ABSTRACT

This field research was carried out during the period 1985 to 1987 and covered a total of 65 storytellers in 37 places throughout Venezuela that included the capital city of Caracas and other cities of different kinds and sizes in 12 of the country's states. Because of the objectives of the investigation no narratives were compiled. Instead, reports about performances, events, contexts, and the narrators and their craft were made. Some fundamental goals of the research were:

To identify the social meaning and ways of existence of storytelling in each community instead of assuming any preconceived image of the ways in which it exists.

To identify the patterns of appreciation of storytelling in each community instead of using others from different cultural frames.

To identify the persons who are well known as storytellers in each community instead of deciding this based on external criteria.

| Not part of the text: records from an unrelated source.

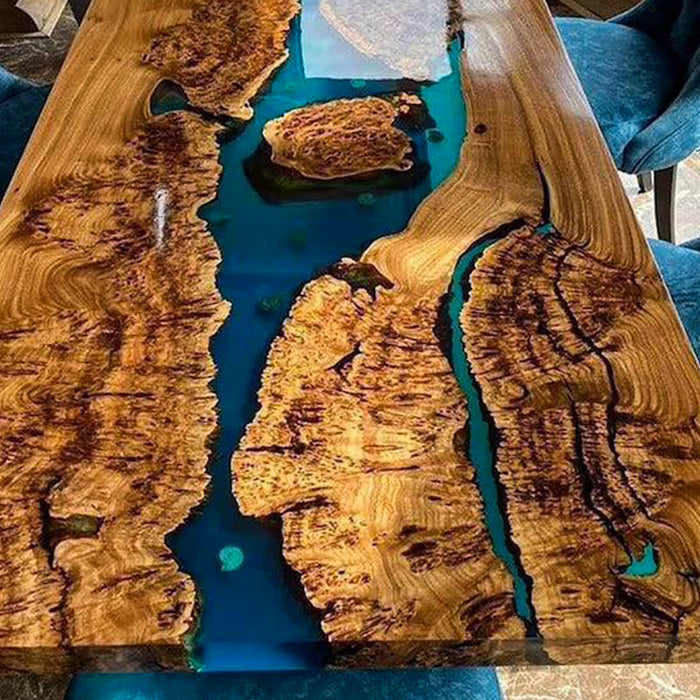 Wooden table with blue resin inlay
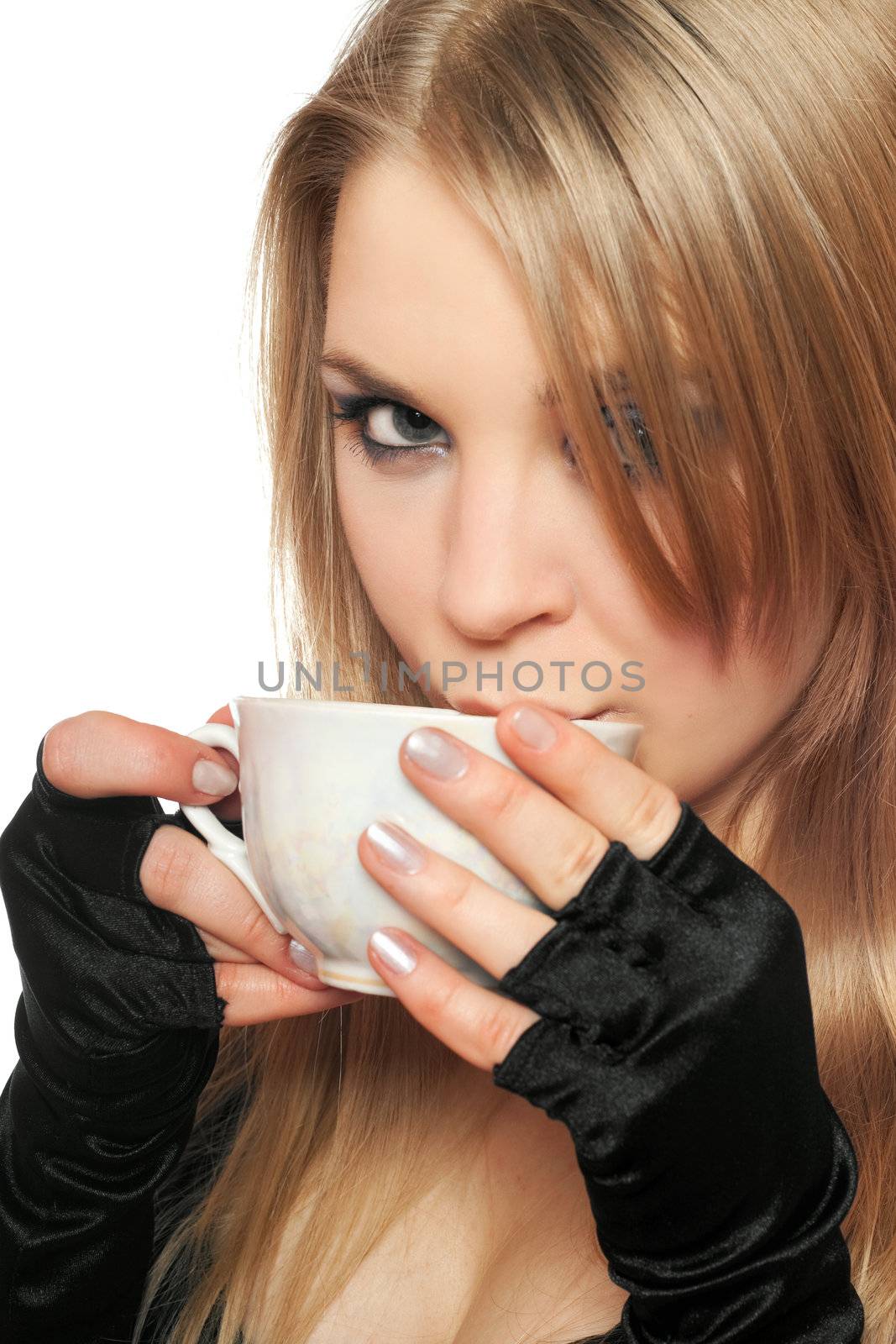 Beautiful young blonde with a cup of tea. Isolated on white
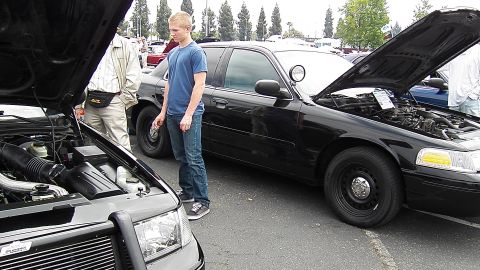 2003 Ford Crown Victoria - Young man in blue stands between two black Crown Vics with hoods raised, engine bays exposed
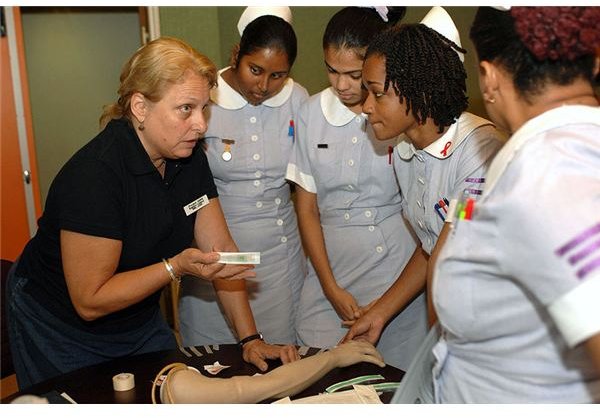 Genie Lindsey, a registered nurse with Project Hope attached to Military Sealift Command hospital ship USNS Comfort explains the correct procedures for administering an intravenous tube to 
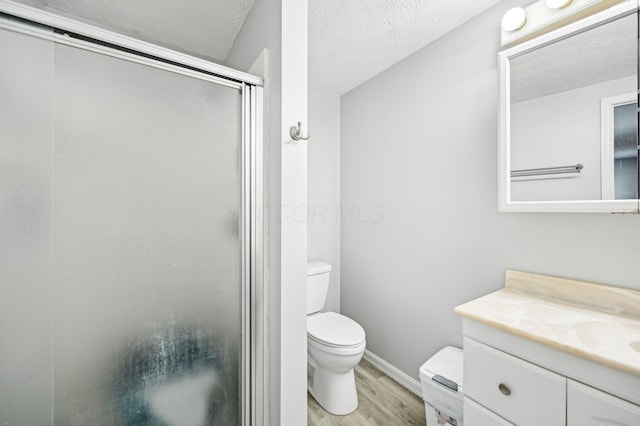 full bathroom with vanity, wood finished floors, toilet, baseboards, and a stall shower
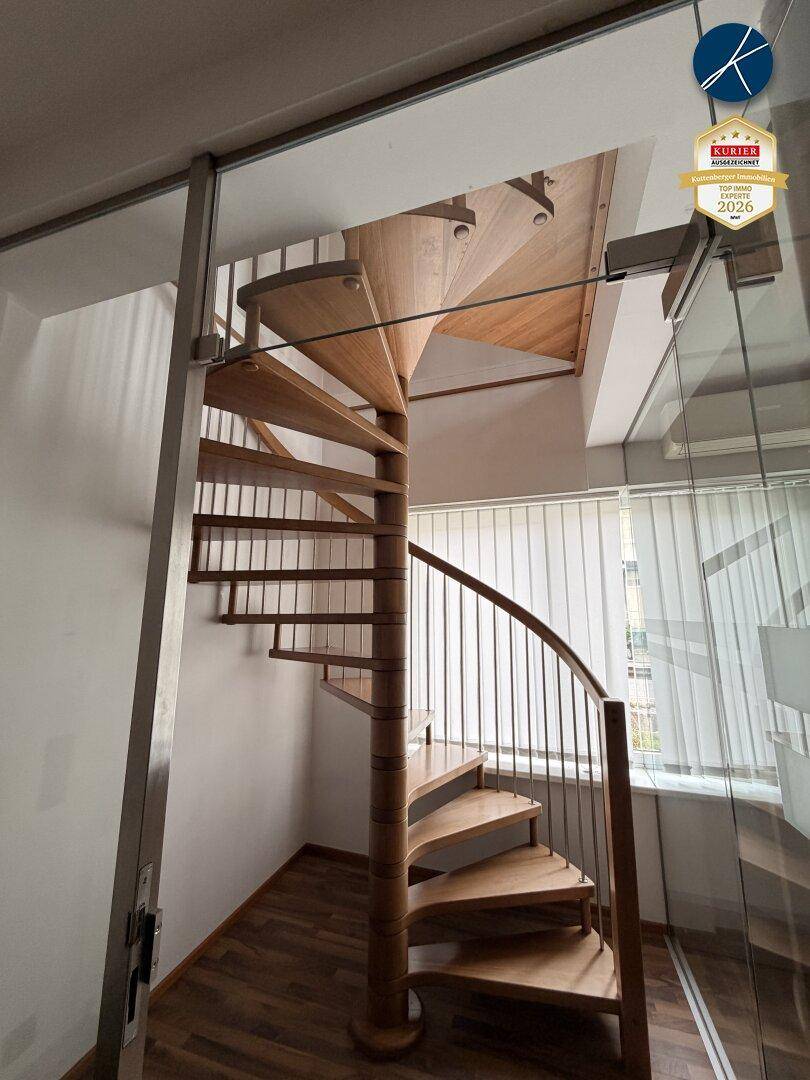 Elegante Holzwendeltreppe mit Metallgeländer, sichtbar durch eine Glasabtrennung, auf Laminatboden.
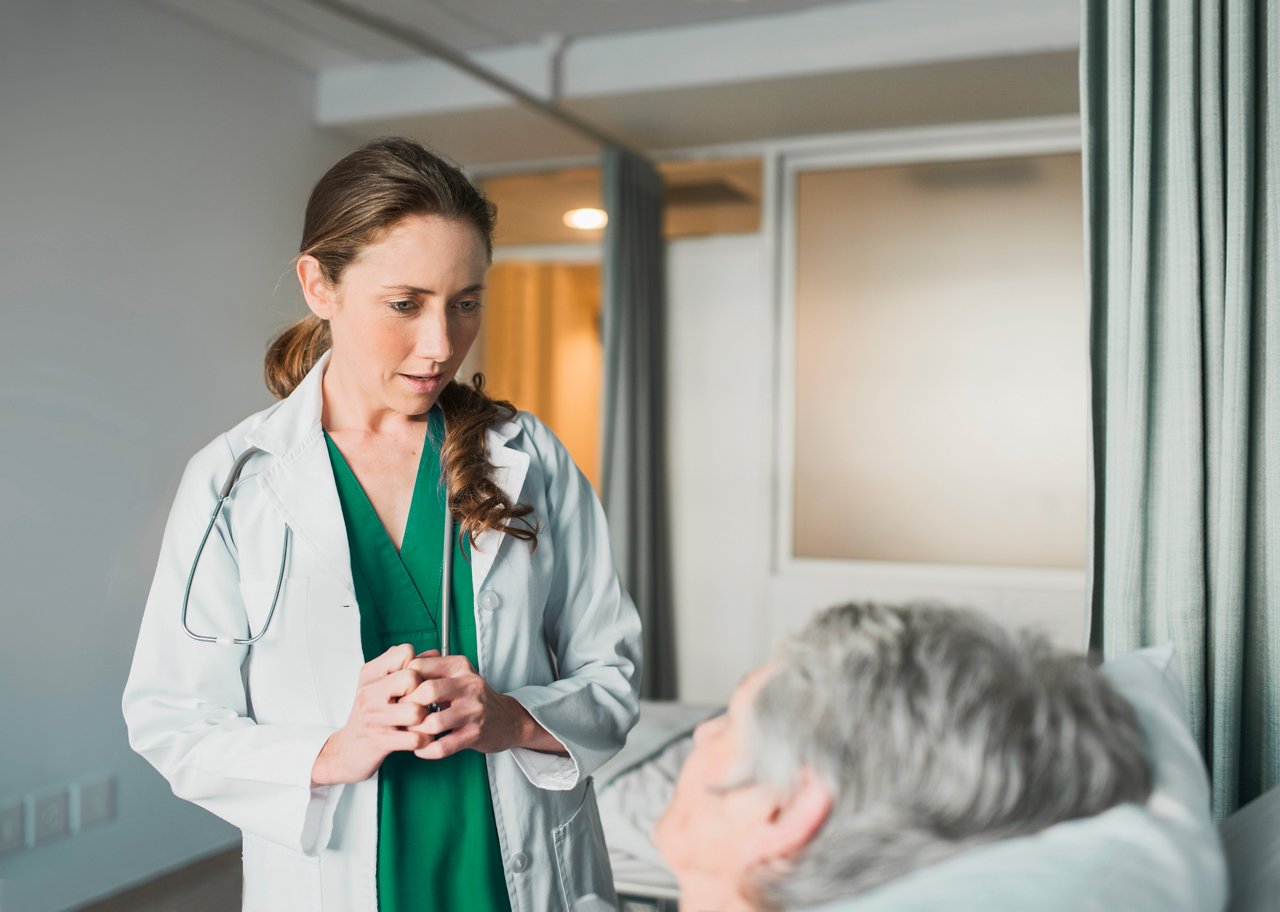 A female clinician explaining something to an elderly patient lying in a hospital bed.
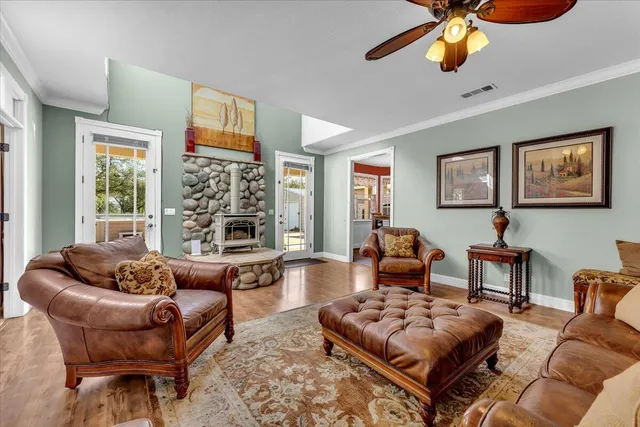 a kitchen with stainless steel appliances granite countertop a stove a sink and a refrigerator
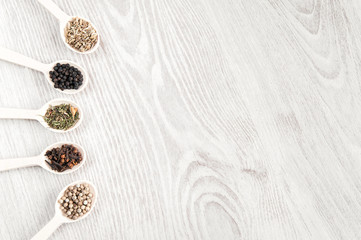 Different spices and herbs in wooden spoons on white table background. Aromatic food cooking ingredients. Black and white pepper, clove, savory, fennel seeds. Top view, free space.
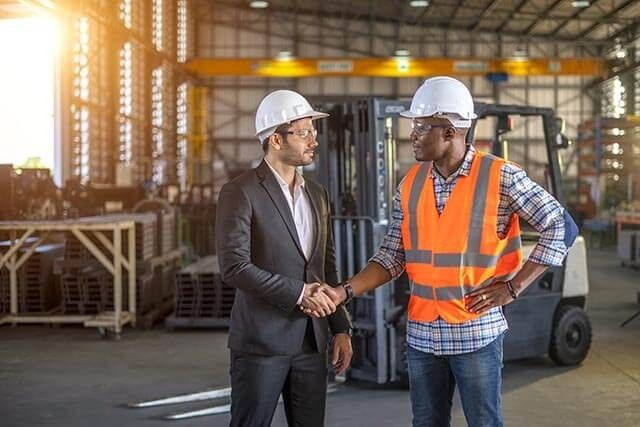 men in warehouse shaking hands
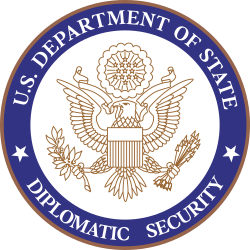 Seal of the U.S. Department of State Diplomatic Security, featuring a bald eagle holding an olive branch and arrows, with a shield and a banner surrounded by blue and gold circular text.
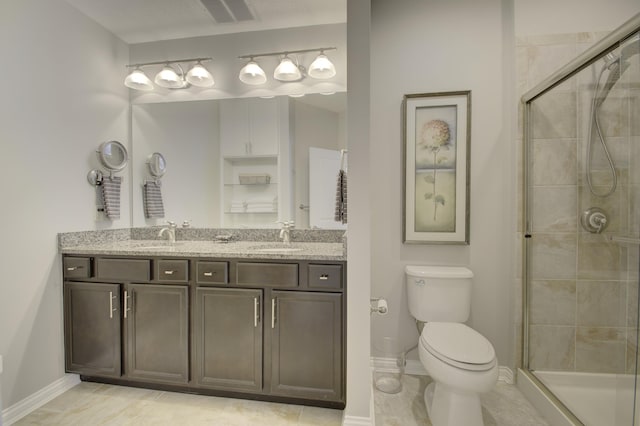 bathroom with tile patterned flooring, toilet, an enclosed shower, and vanity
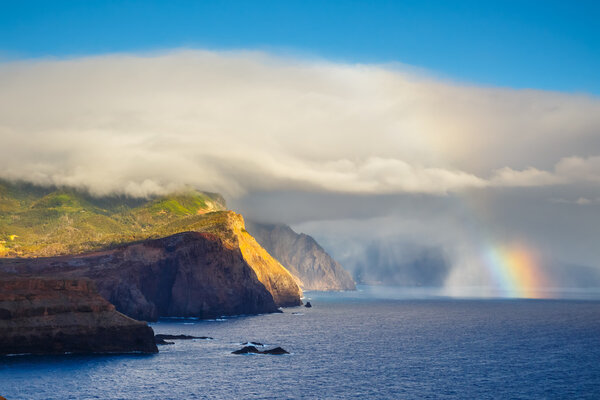 Sunrise and beautiful rainbow over Ponta de Sao Lourenco, Madeira, Portuga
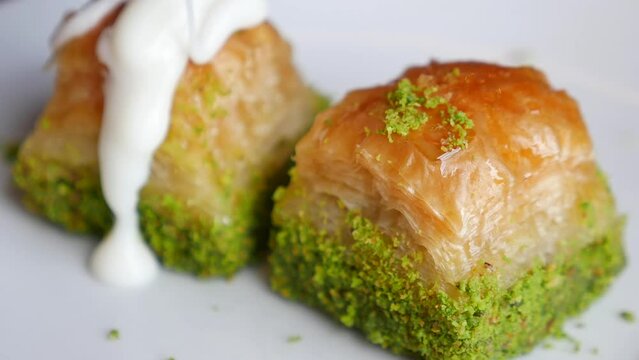  pouring cream on handmade turkish dessert baklava 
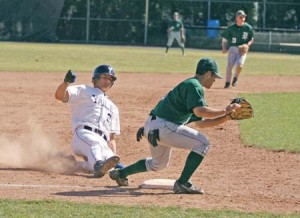 Stephen Miehls ’10 slides into third against Dartmouth on Saturday at Yale Field. The baseball team won three of four games against the Big Green this weekend.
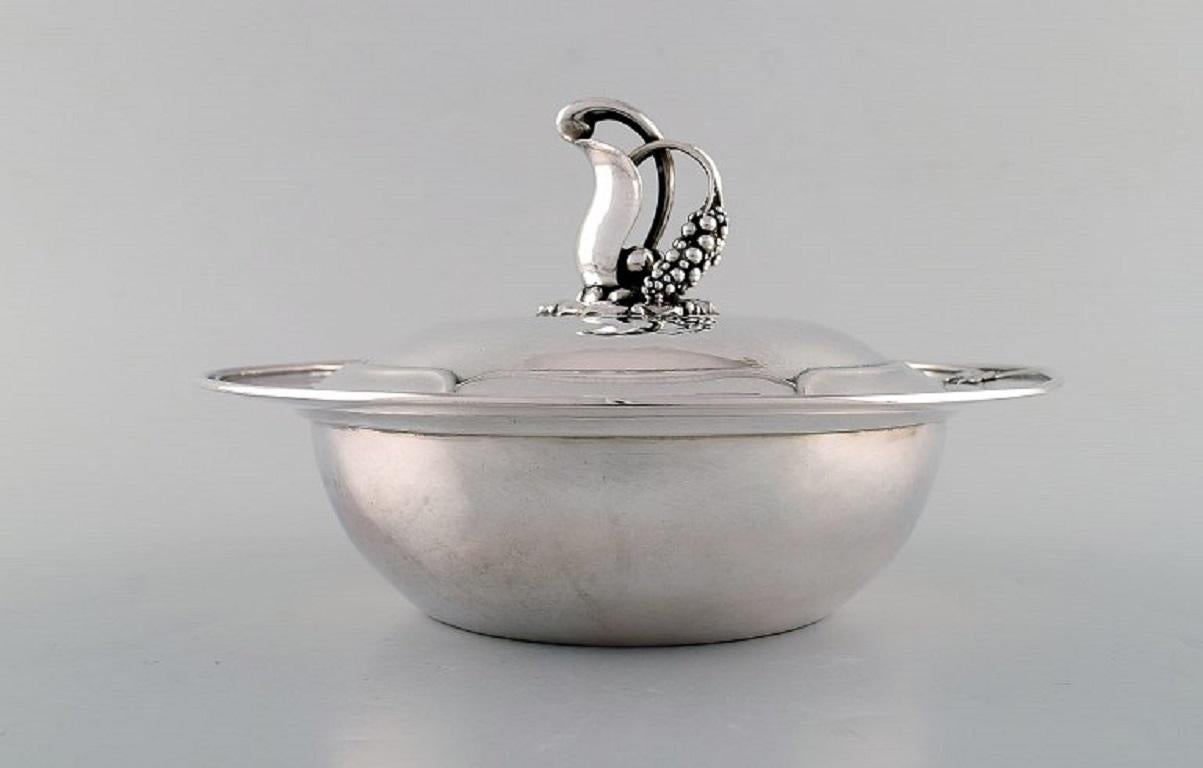 Early and rare Art Nouveau Georg Jensen lidded bowl in hammered silver. 
Knob in the form of foliage. Model Number 228. 
Designed by Georg Jensen. 
Dated 1915-30.
Measures: 23 x 15 cm.
In very good condition.
Stamped.
With Swedish import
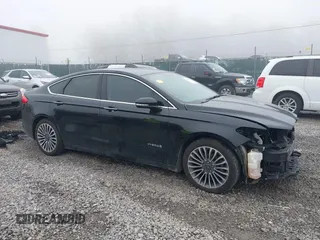 2018 Ford Fusion Titanium with VIN 3FA6P0RU7JR182119, listed as a IAAI auction lot 41984816 with 146,748 mi miles and . Bid and sale history available at DreamBid. Image 14.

Not to believe the existence of some “true” circumstances and of others that are “not true.” Every circumstance that occurs is, by virtue of its existence, true. Each performance acquires meaning in relationship to a kind of event. Each kind of event acquires its meaning in relationship to a certain cultural context. Of course, I am conscious that the fieldworker has an inevitable part in segregating these performances, events, and contexts from the continuity of everyday life.

To assume the cultural differentiation between researcher and community, rejecting the naïveté of believing that the mimesis with the members of any community is possible; it is not even desirable.